April 16, 2024
Editorial

Elephants and Enterprise

Big ideas don’t have to be big. That’s what the World Bank found with its Development Marketplace, a grant program for small projects that can lead to economic, health, environmental and social improvements in poor countries.

With a $108,000 grant, farmers in the Zambezi Valley of Zimbabwe found that surrounding their crops with a row of chili peppers kept elephants from trampling their fields. Not only did the peppers, whose smell elephants can’t stand, save crops and prevent dangerous clashes between man and beast, the farmers got a new crop to export.

In South Africa, water pumps powered by merry-go-rounds drew the bank’s support. Called Playpumps, the devises are installed at schools and playgrounds. As children play on a merry-go-round its spinning powers the pump, which pours water into a tank decorated with AIDS prevention messages as well as with ads that are sold to maintain the equipment. The Playpumps are more efficient and easier to maintain than hand pumps.

In Brazil, the bank financed a project to use discarded coconut husks to make decorative pots. This will stop the overharvesting of the endangered plant now used to make the pots while also stemming the flow of 4 million tons of coconut husks discarded on beaches, which contributes to the spread of tropical diseases.

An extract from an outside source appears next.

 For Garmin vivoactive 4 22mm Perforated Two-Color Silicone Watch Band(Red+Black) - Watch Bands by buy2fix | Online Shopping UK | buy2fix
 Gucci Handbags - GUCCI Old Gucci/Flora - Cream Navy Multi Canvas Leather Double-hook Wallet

Since 1998, the Development Marketplace has awarded more than $16 million to more than 330 groundbreaking projects. It showcases the best projects through global competitions and country innovation days.

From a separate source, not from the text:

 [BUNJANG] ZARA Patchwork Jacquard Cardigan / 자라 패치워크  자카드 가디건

“The Development Marketplace is a real opportunity to come together, with no bureaucracy, with no preconditions, and no preconceptions about each other, just about ideas and trying to see how we can help people. It is, in fact, the very best of development: people-based, partnership-based, with development impact,” is how World Bank President James D. Wolfensohn sums up the program.

The innovative projects are an example of venture capital and its potential to transform societies in a positive way. Rather than simply funding the next idea that is likely to garner millions of dollars for its originator, the Development Marketplace shows that funding small-scale social entrepreneurs can be a cost-effective way to improve the lives of the poor.